Le pape François a, lundi, « imploré le pardon de Dieu » pour les « péchés et les manquements de l’Église et de ses membres » durant le génocide rwandais en 1994, mais n’a pas évoqué la responsabilité du Vatican, pourtant réclamée par Kigali.
Le pape François a imploré « le pardon de Dieu » pour « les péchés et manquements de l’Église et ses membres » durant le génocide de 1994 au Rwanda, lundi 20 mars. Il recevait pour la première fois au Vatican le président rwandais Paul Kagame durant une vingtaine de minutes d’échanges « cordiaux », plaçant toutefois le pardon dans la continuité de la repentance générale prononcée par Jean Paul II en 2000, sans impliquer de responsabilité directe du Vatican.
En novembre, le gouvernement rwandais avait estimé que le Vatican devait demander pardon pour le rôle de certains représentants de l’Église dans le génocide qui, selon l’ONU, a fait 800 000 morts, essentiellement parmi la minorité tutsie. Selon un communiqué du Vatican, le pape a exprimé « sa profonde tristesse, et celle du Saint-Siège et de l’Église, pour le génocide perpétré contre les Tutsis » ainsi que « sa solidarité avec les victimes et ceux qui continuent à souffrir des conséquences de ces événements tragiques ».
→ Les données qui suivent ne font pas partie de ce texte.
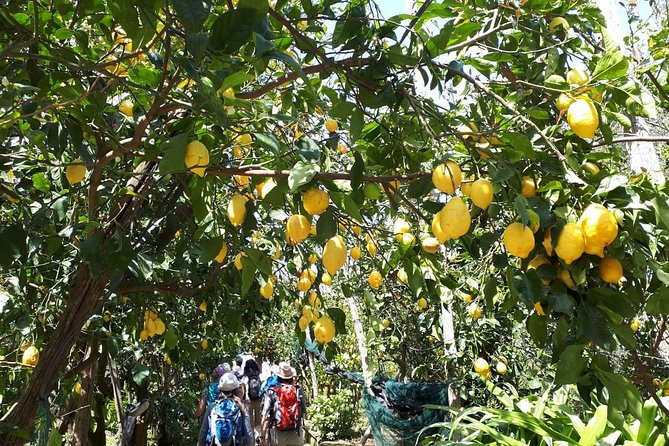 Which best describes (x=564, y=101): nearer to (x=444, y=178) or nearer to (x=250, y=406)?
(x=444, y=178)

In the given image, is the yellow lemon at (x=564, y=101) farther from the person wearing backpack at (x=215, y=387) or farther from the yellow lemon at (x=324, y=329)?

Certains des massacres ont eu lieu dans des églises où les victimes s’étaient réfugiées pour tenter d’échapper aux miliciens. Le pape « a de nouveau imploré le pardon de Dieu pour les péchés et les manquements de l’Église et ses membres, dont des prêtres, et des hommes et des femmes religieux qui ont succombé à la haine et à la violence, trahissant leur propre mission évangélique », ajoute le communiqué.
Le 21 novembre dernier, les neuf évêques rwandais avaient écrit une lettre demandant pardon pour tous les chrétiens ayant été impliqués dans le génocide. La lettre précisait néanmoins qu’il s’agissait d’une demande de pardon pour des individus et non pour l’institution. Kigali avait alors qualifié ces excuses de « profondément inadéquates » et estimé que le Vatican lui-même devrait demander pardon, « au vu de l’échelle à laquelle ces crimes ont été commis ». Lundi, le pape a indiqué parler en phase avec la lettre des évêques rwandais, espérant que « son humble reconnaissance des manquements de cette période, qui ont malheureusement défiguré l’Église, puisse contribuer à une ‘purification de la mémoire' ».
Lecture historique accusatoire
« Le président a loué les contributions de l’Église au développement socio-économique du Rwanda », a précisé la ministre rwandaise des Affaires étrangères, Louise Mushikiwabo, avant toutefois de livrer une lecture historique très accusatoire : « Bien avant 1994, les institutions et les missions catholiques, ainsi que l’administration coloniale [belge], ont joué un rôle décisif pour diviser les Rwandais, en établissant les fondements intellectuels pour l’idéologie génocidaire », a-t-elle expliqué. « Aujourd’hui, le déni du génocide et sa minimisation continuent à prospérer dans certains cercles de l’Église et les personnes soupçonnées de génocide ont été protégées de la justice au sein de leurs institutions catholiques ».